Now don’t step back gasping. We’re not saying, ‘hold all your grain for the next six months, prices will rise!’ we’re saying with all the moving parts at play in grain markets, there could be other opportunities to maximise on the little grain Australia has this year.
So, let’s take a look at what the market has done over the past few months, current pricing signals and where this market may go to assist you in your grain sales for the coming harvest.
Most key global production regions have seen a decrease in production year on year for cereal crops due to adverse weather conditions, and it seems to be dropping further than originally expected.
In September, the Australian bureau of Agricultural and Resource Economics and Science (ABARES) released their Australian winter grain production estimates and pegged wheat down 14 per cent from last year to 19.05MMT, barley down nearly 10pc from last year at 8.3MMT and canola has been reduced 10pc from last year to 2.8MMT. On the 25th of October ABARES announce they expected to see a further 15pc drop in total winter crop production for Australia made up of a 13pc decrease in wheat, 17pc decrease in barley and a 20pc drop in canola.
Australia isn’t alone in this situation, and due to the rapid drop in global production, price has increased to help curb demand and ration the reduced supply.
What can we expect to see this coming harvest?
As we quite often see, prices will likely drop during the harvest period purely based on the increased liquidity harvest brings. However, if you look further than harvest and into next year – the period this grain is grown to supply, it doesn’t look as though prices will fall significantly any time soon, and here is why.
To put it simply, with a sever production downfall there will be less grain to sell resulting in less grain to buy. All players in the Australian grain market have a job to do. The domestic consumers need to ensure their sheep, cattle, chooks and pigs are fed, while the exporters need to ensure the contracts they have committed to are filled. This creates a price war, domestic against export and pushes prices higher. So, with NSW and a large portion of QLD still in drought and sourcing grain from Australia’s traditional export states, VIC, SA and WA, there is a battle in the making. Obviously, rain in drought affected areas will change the state of play, with the possibility of a summer sorghum plant and increase forage for livestock. However, we don’t know when this will occur.
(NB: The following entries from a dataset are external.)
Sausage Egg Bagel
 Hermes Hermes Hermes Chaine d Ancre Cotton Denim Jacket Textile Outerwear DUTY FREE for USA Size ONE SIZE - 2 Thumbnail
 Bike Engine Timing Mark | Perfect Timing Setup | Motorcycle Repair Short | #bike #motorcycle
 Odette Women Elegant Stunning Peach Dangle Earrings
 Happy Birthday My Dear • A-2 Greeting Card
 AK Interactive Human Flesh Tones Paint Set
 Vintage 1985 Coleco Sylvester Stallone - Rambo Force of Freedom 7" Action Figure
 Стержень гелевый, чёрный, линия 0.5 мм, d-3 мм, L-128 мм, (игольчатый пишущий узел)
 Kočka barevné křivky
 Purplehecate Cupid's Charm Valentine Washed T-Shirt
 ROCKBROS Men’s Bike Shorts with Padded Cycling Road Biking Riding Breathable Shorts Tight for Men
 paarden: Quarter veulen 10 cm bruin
The anomaly at play this season; is in a year where Australia is experiencing adverse weather, the tug-of-war for grain isn’t usually this extreme, as other producing areas will fill the export void. But, as mentioned before, Australia is not alone in this situation. Russian wheat production and exports are expected to decrease which will mean Australia will not only need to focus on feeding domestic demand, especially on the East Coast, but also support exports of wheat and barley to our key trading partners putting pressure on ending stocks. This pending tug-of-war bodes well for strong grain prices into 2019.
What should you do with your grain marketing this season?
In a year where both grain production and price are within a normal or average range, a strategy of selling a third of grain pre-harvest, a third of grain during harvest and a third of grain post-harvest is quite easy to adopt. However, in a year like this, where forward selling grain was almost impossible due to production risk, and price looks like it will continue to increase, it can create more uncertainty and doubt in choosing a grain marketing strategy to both manage risk and capitalise on the possible upside. So, to protect yourself against any future pricing downside a drought breaking rain might bring, selling a portion of grain at harvest is a good strategy. Particularly with prices where they are or look like they will be during harvest. But with so many moving parts this year, and grain prices able to move dramatically at the drop of a hat, it is important to remove the emotion from your grain sales and not to put all your eggs in the one sales basket. Based on discussed market indicators, selling the second portion of grain post-harvest to capitalise on the pending domestic vs exporter tug-of-war, could be the big pay off this season.
The recommendation? As always, it’s hard to say, as a ‘one size fits all’ approach in grain marketing doesn’t exist. However, with so much grain predicted to move within Australia, not out of Australia, combined with the limited supply entering the market at harvest time, there is a good possibility that until the drought breaks in NSW and QLD, grain prices will be well supported and could continue to go higher. By putting some of your grain marketing eggs in the deferred sales basket, you will be in a good position to capitalise on the upside, as well as hedge against future production risk. If Australia experiences another tough season, grain prices should continue to rally and just because prices may be high at harvest doesn’t conclude they can’t go higher.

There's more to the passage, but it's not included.